[DATA BLOCK Boundary: Start]

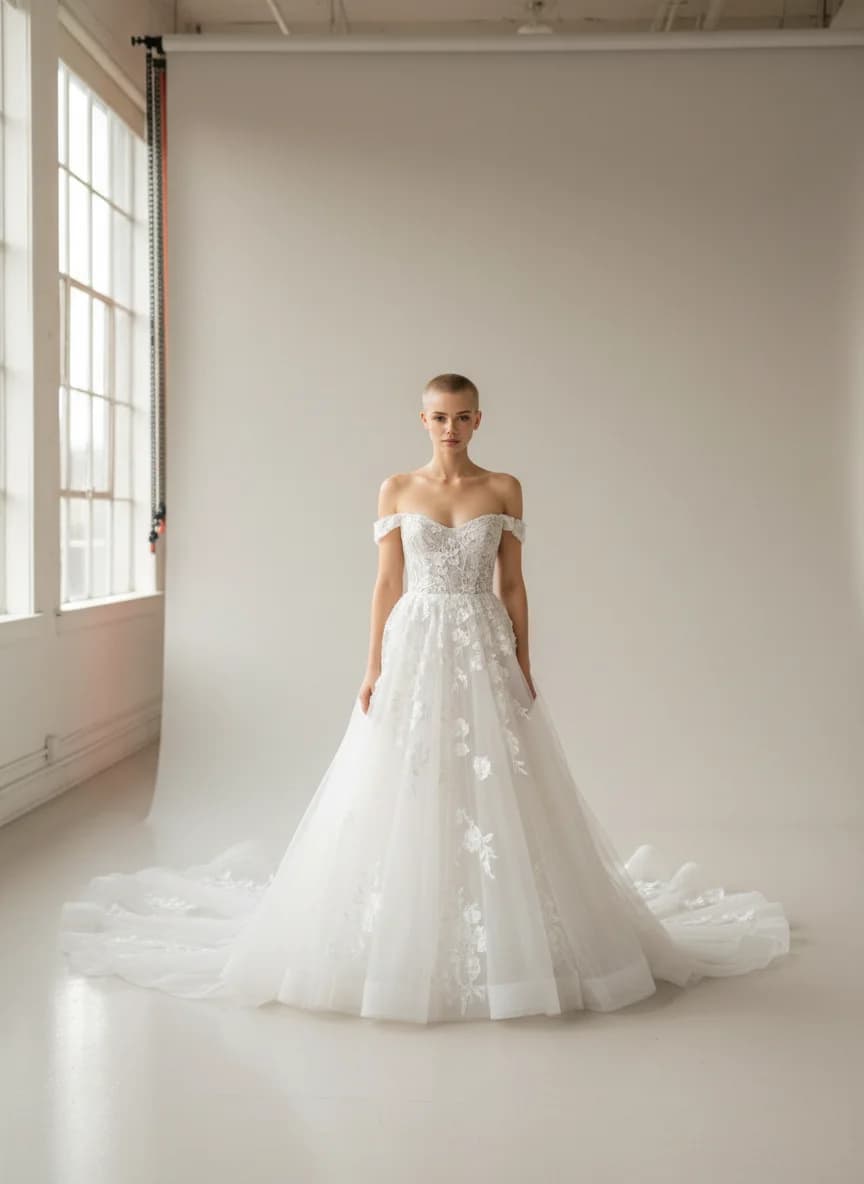 A-Line dress with Chapel Train and Off Shoulder neckline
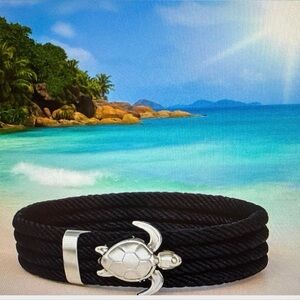 Silver Turtle Blue Bracelet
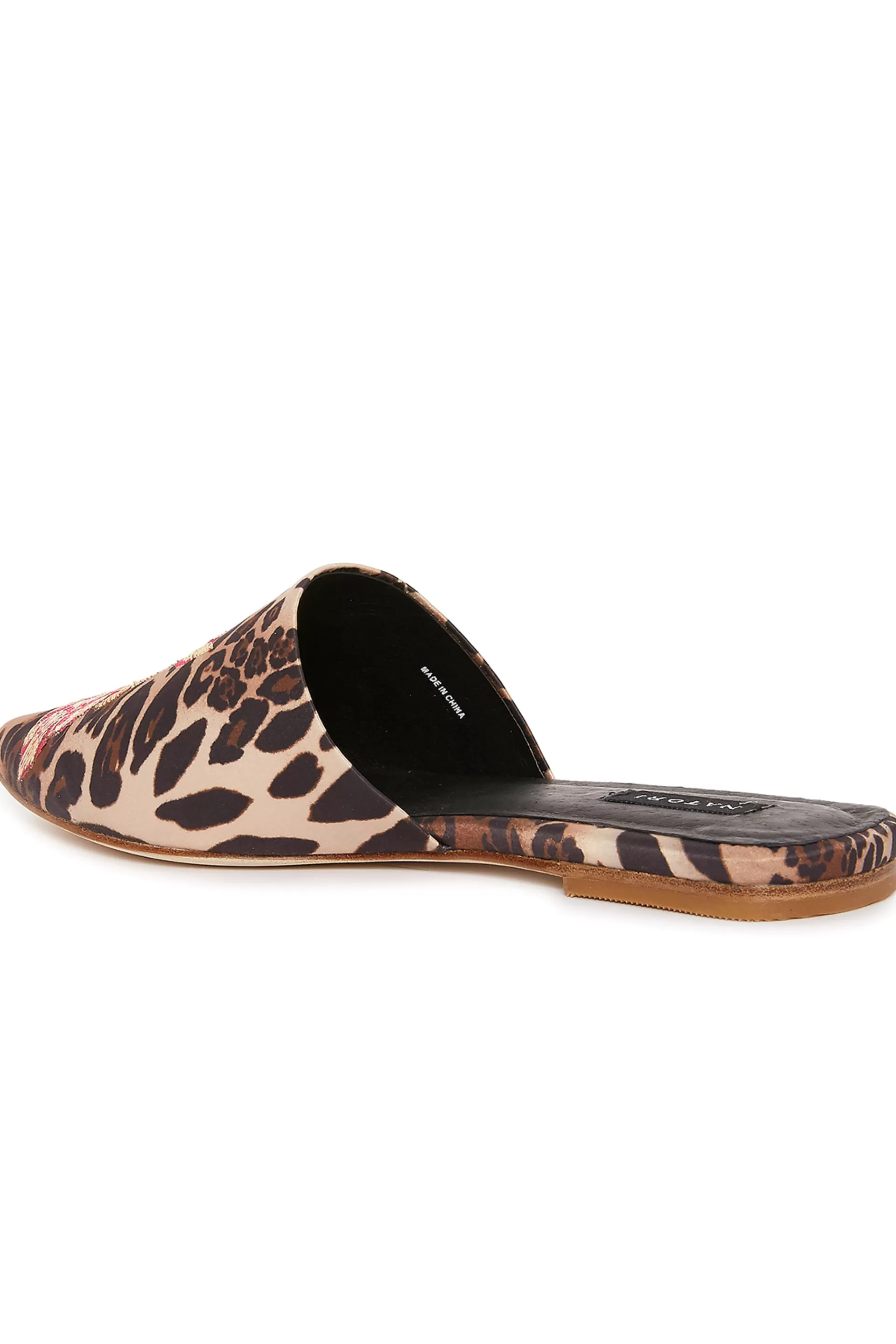 Natori Slides<Arri Luxe Leopard Satin Embroidered Slide Chestnut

[DATA BLOCK Boundary: End]

> **GOAL OF THE EXERCISE**: For every line above, produce an exact transcription that omits the images.

> **ANSWER TO THIS TASK**:
 A-Line dress with Chapel Train and Off Shoulder neckline
 Silver Turtle Blue Bracelet
 Natori Slides<Arri Luxe Leopard Satin Embroidered Slide Chestnut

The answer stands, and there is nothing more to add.